Posted by: gerrrg | May 20, 2010 at 01:44 PM
Gerrrg,
Actually I did mean "buffet" as opposed to "buff" - not "buffet" in the sense of a smorgasbord, but to to strike and move along, as in "The wind buffeted him." But maybe "buff" would have been a more appropriate word to use.
Otherwise, I agree with B, C and D of your comment. My question is, is this a good thing, bad, both, or neither?
Posted by: Brian Libby | May 20, 2010 at 02:27 PM
Oh and Lyle, you make a great point about Washington shoppers, so I added a sentence to the original post addressing that.
Posted by: Brian Libby | May 20, 2010 at 02:31 PM
My understanding from one of the architects was that Port of Portland's easement on the land at Cascade Station made it unattractive for tenants, at least initially. Perhaps that was part of the 2005 changes.
Posted by: Alex Stange | May 20, 2010 at 03:51 PM
"Unfortunately, following the execution of the agreement in 1999, development stalled due to the events of September 11, 2001..."
hogwash. it failed because they were trying to create a type of development that was not ever going to happen on that site. absolutely no one wanted to develop a mixed-use development including office and housing in an international airport's flight path.
Posted by: eric cantona | May 20, 2010 at 03:51 PM
@Brian
I'm fine with it the way it is for now; eventually, I'd like to see it grow up and become more pedestrian-scaled in the future, including more mixed-use structures.
As we know from downtown Beaverton's Round, it's not always wise to force density in an area that cannot support it. From that perspective, Cascade Station is far more successful, especially if it is a process of development from strip mall to higher density commercial/mixed use.
However, one aspect of the development that I'm not happy with, is that it seems the development grew up next to MAX, rather than surrounding it. To me, it'll always be a drive-to destination, because walking a mile round trip while shopping is untenable for most folks. Maybe they plan to implement a streetcar loop in the future?
Posted by: gerrrg | May 20, 2010 at 04:58 PM
Tanasbourne is a similar failure. When the old mall was redeveloped in the 1990s there was talk of an urban village with both housing and jobs, and in fact both were built. Unfortunately due to the configuration of disconnected sidewalks and giant parking lots, it is unsafe to get from one to the other.
Posted by: Joshua Franklin | May 20, 2010 at 05:57 PM
Brian - great article as always. Box store mentality is a very strange thing. Portlanders are great at putting on a good talk about our desires to buy and support local. We make it look easy and a way of life. There are the elite few who pull it off in earnest. The rest of us are hopping in our cars (begrudgingly) and heading to the big boxes more often than we would rather. It may have more to do with the economy gained by buying cheap and (seemingly) plentiful commodities. We are still capitalists, despite our lovely Portland socialism leanings. As such, any smart business knows this and can appeal easily. I would argue that Cascade station was setup ideally to house the big-box plethora that lives there now. It reminds me of the layout of strip malls in Phoenix.

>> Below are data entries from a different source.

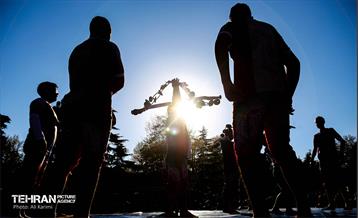 ورزش زورخانه ای در نوروزگاه فرهنگ و ملل پارک ملت 20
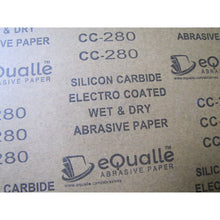 Load image into Gallery viewer, 280 Grit Sandpaper Sheets – 25 Pack, 9x11 in, Wet or Dry Use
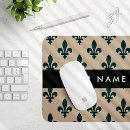 Recherche de fleur lys tapis souris Symbole français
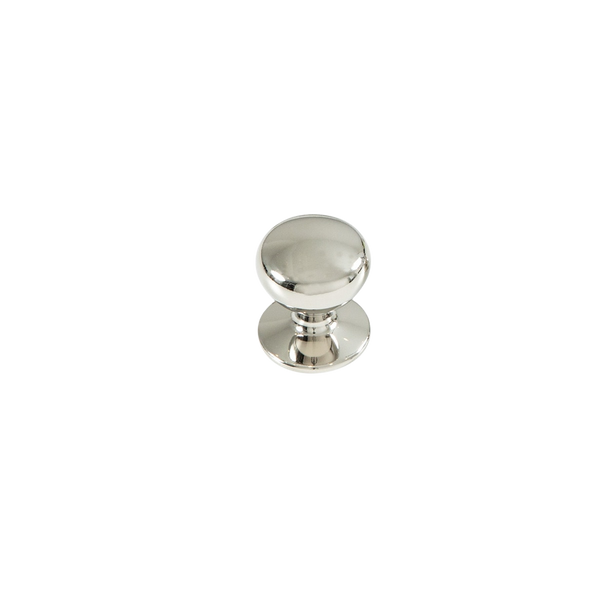 Momo New Hampton Round Knob 32mm Polished Nickel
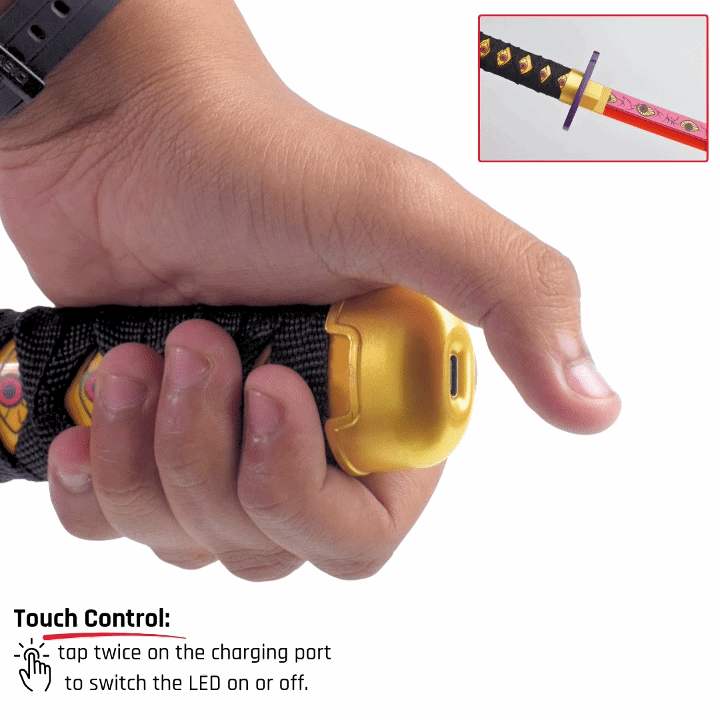 Kokushibo’s Nichirin LED Katana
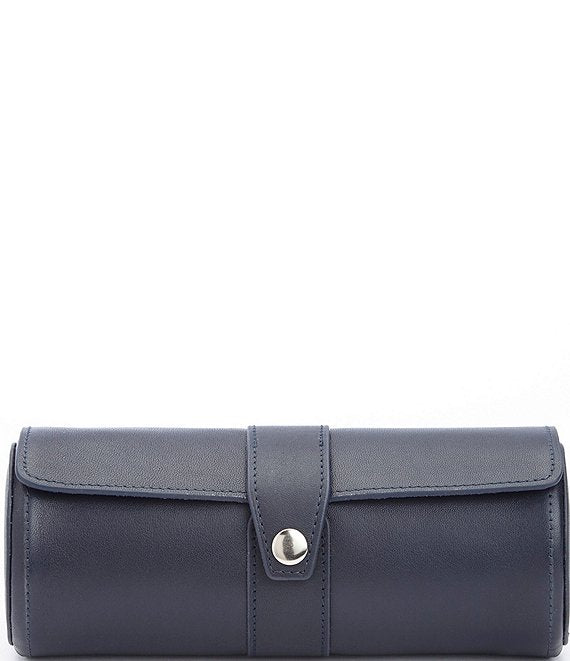 Deluxe Leather Watch Roll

In fact, I suspect if you were to take a poll of the patrons of that Wild Buffalo Wings franchise, I suspect you'd find a lot of travelers and ex-pats from the lands of strip malls. It's familiar and comfortable, perhaps.

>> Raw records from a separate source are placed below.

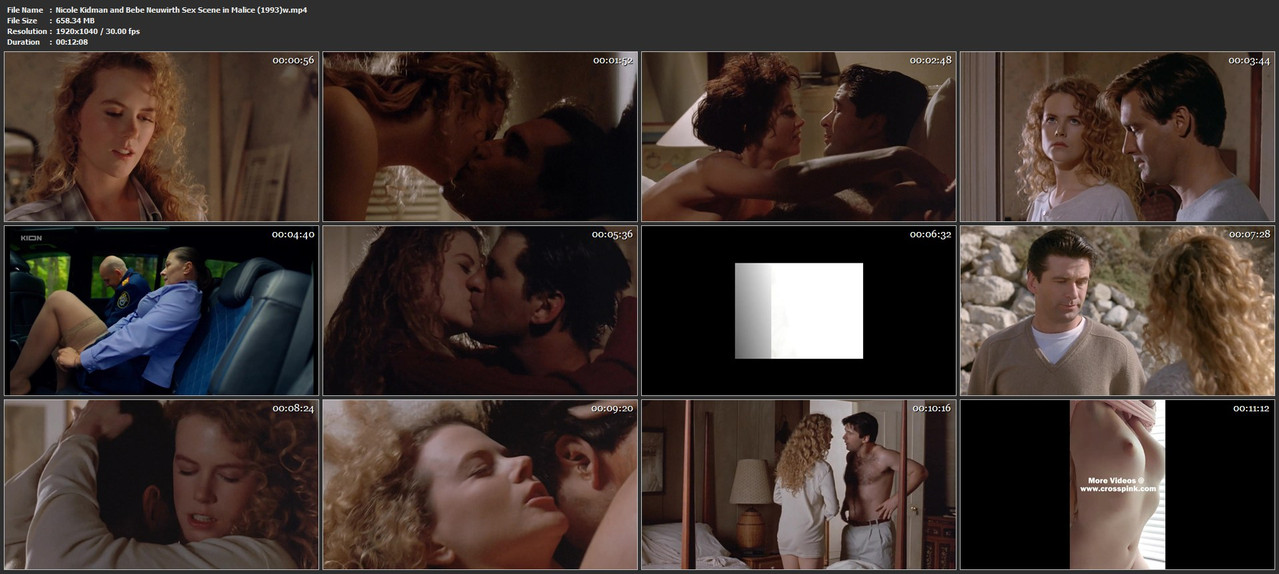 Nicole Kidman and Bebe Neuwirth Sex Scene in Malice (1993)w mp4
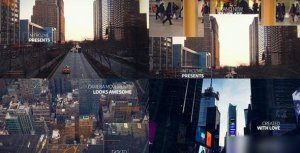Videohive Epic Demo Reel Openers template preview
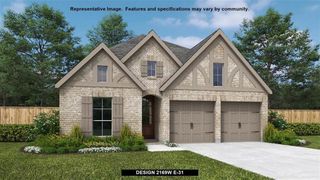 New construction Single-Family house 16735 Williams Gully Trail, Humble, TX 77346 Design 2169W- photo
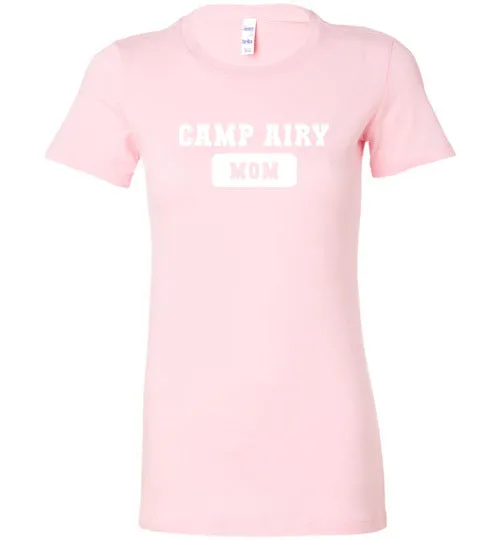 Airy Mom Fitted Short-Sleeve T-Shirt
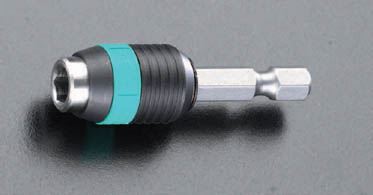 1/4"Hex/ 50mm ビットホルダー(マグネット付)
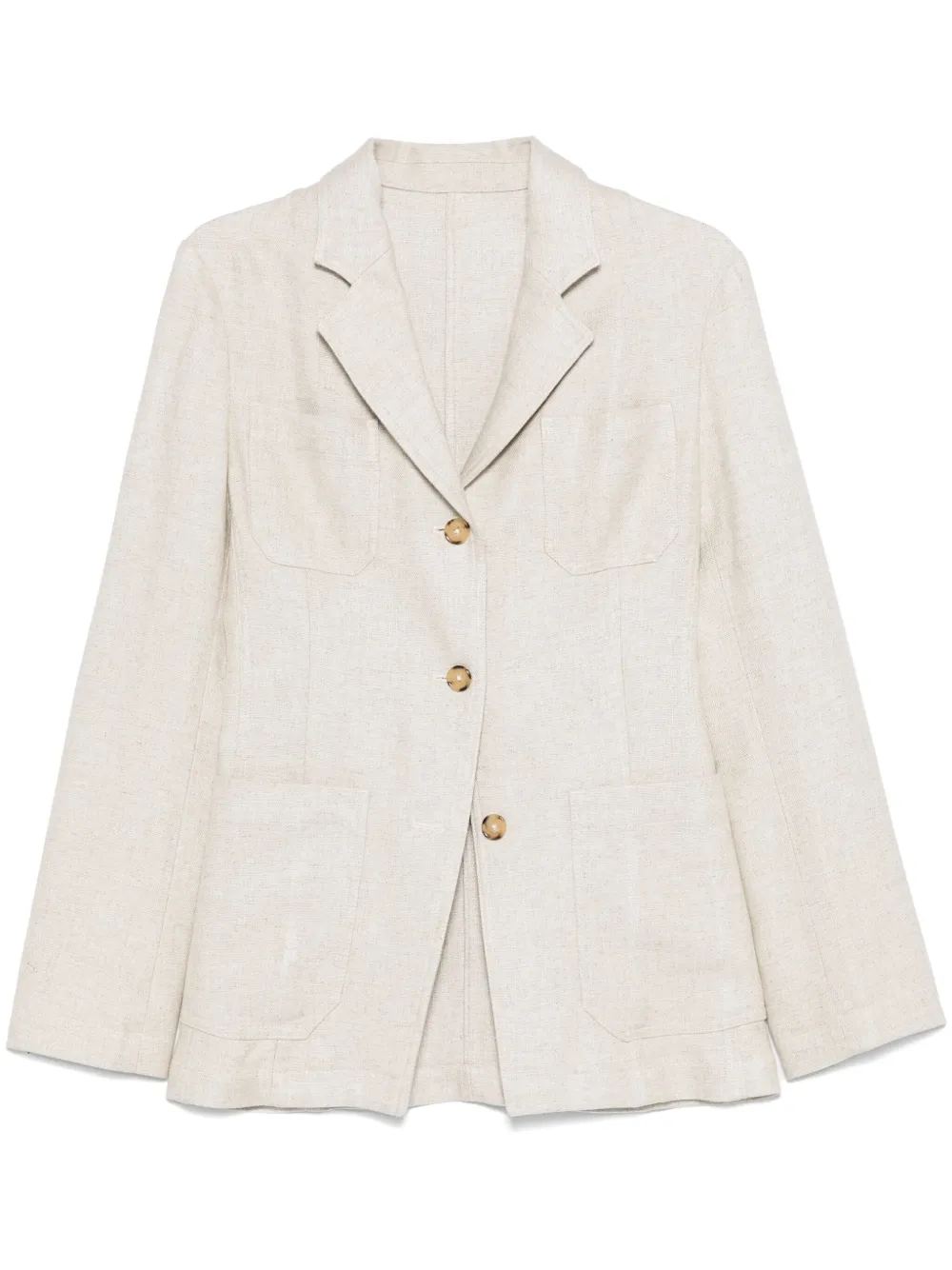 notched-lapels blazer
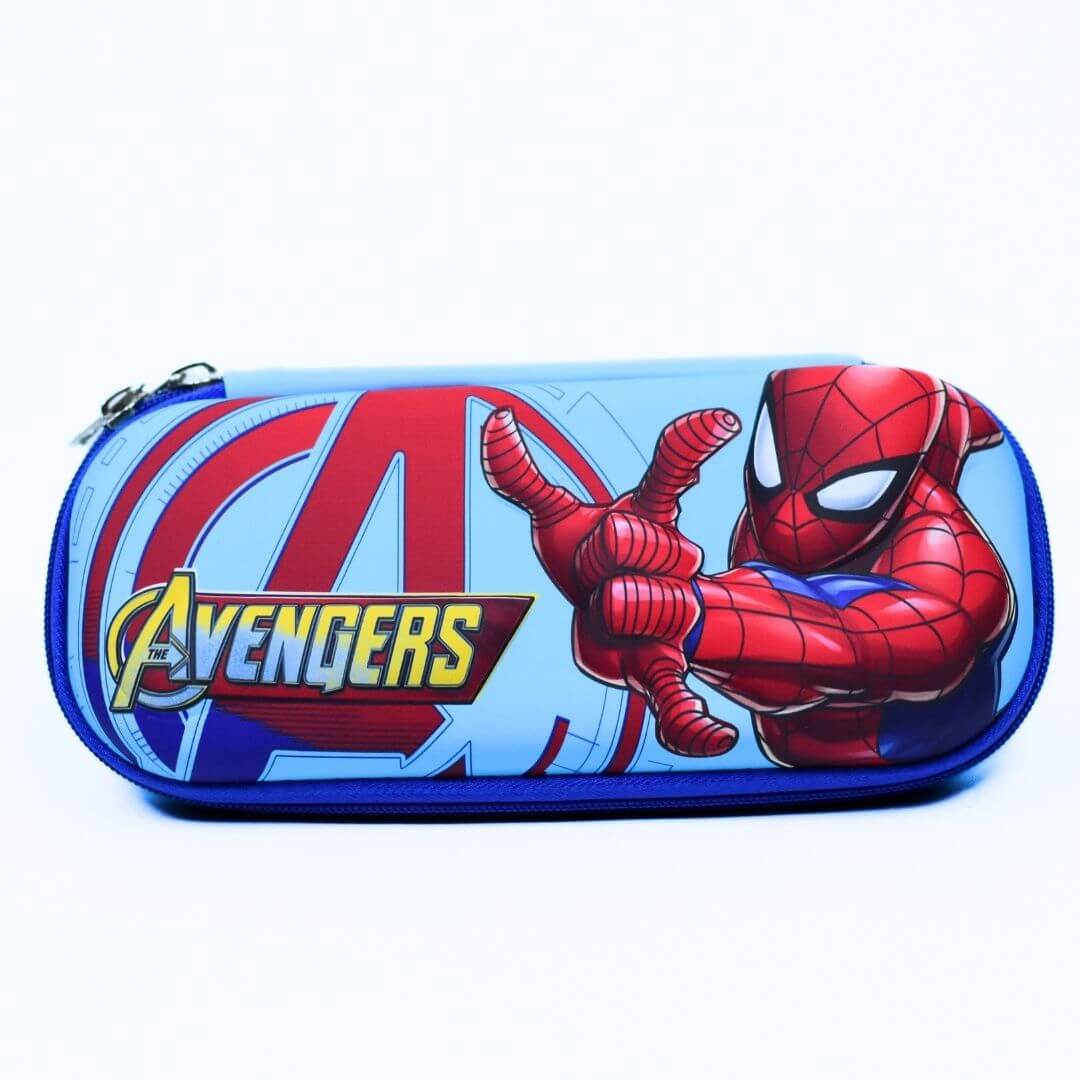 Spider Man - Avengers Zipper Pencil Case - The Perfect Way to Organize Your Stationery Supplies and Show Your Love of the Avengers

One thing is for sure, Cascade station is a bitter-sweet success. It failed at it's original intent, but succeeded at bringing some much needed activity to the region. Even if it is box-a-licious.
For the record - I despise Ikea and every other store in Cascade station, but I still find myself at Ikea at least once ever month or two needing something I can't get at 8:00PM on a Sunday anywhere else.
Posted by: Greg Moore | May 21, 2010 at 09:56 AM
B , I can live with you dissing most of those companies , but
HEH not IHOP......
Anyway , James Howard Kunstler
says "the 12,000 mile supply chain from Chinese factories to American chain stores is a special condition , not a permanent arrangement." This suburban setup is over ,
the Peak Oil Tipping Point is happening.
Posted by: billb | May 21, 2010 at 10:31 AM
I've been to Cascade Station exactly twice. The first time was to check out IKEA, shortly after it opened. I took MAX and I didn't buy anything. The experience gave me a headache.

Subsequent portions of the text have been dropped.